Los pequeños tienen algo que las personas mayores vamos perdiendo sin darnos cuenta, y es esa mezcla de inocencia y sabiduría. Y no se puede decir que son solo ocurrencias, porque si nos detenemos a escucharlos de verdad, nos damos cuenta de que ellos ven el mundo con una claridad que a nosotros se nos va borrando entre las preocupaciones de la vida.
A veces hacen preguntas que apreciamos sin sentido, pero ellos esperan con inmensa confianza que tengamos las respuestas, y cuando no cumplimos, te las inventan con una lógica que a veces te puede dejar callado.

He visto niños y niñas en los barrios que te explican cómo se siembra una planta con la misma seguridad con que otros te hablan de sus juegos favoritos. Y he visto, sobre todo, esa capacidad enorme que tienen de asombrarse, de preguntar sin miedo.

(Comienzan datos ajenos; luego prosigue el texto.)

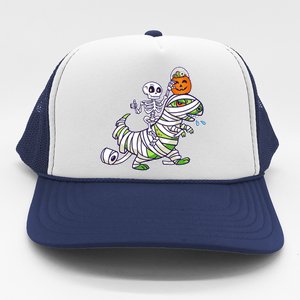 Skeleton Riding T-Rex Halloween Trucker Hat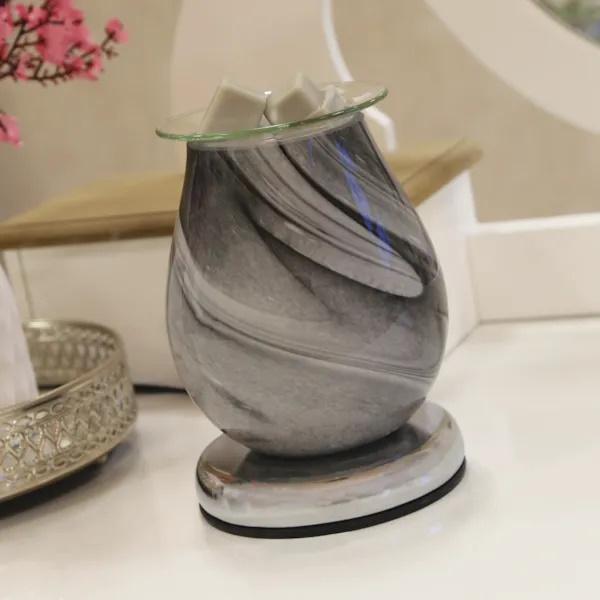 Aroma electric touch wax melter grey swirl 16cm, imported from the UK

He visto cómo se conduelen ante la injusticia, cómo besan en la mejilla a su maestra; cómo andan hoy, aunque en casa se intente lo contrario, preocupados por la escasez, sin dejar a un lado la esperanza. He visto, con todo orgullo, cómo saben de sus derechos, y de convertir en juguete divertido al objeto más inanimado del orbe.
Adulto, déjate sorprender por su manera de asumir la vida, y si tienes la suerte de tener uno cerca, abrázalo fuerte, dedícale tiempo; en esta época tan complicada es el mejor regalo que pueden recibir. Feliz Día, a ustedes, que con su grandeza de espíritu son la historia más bonita que podemos contar.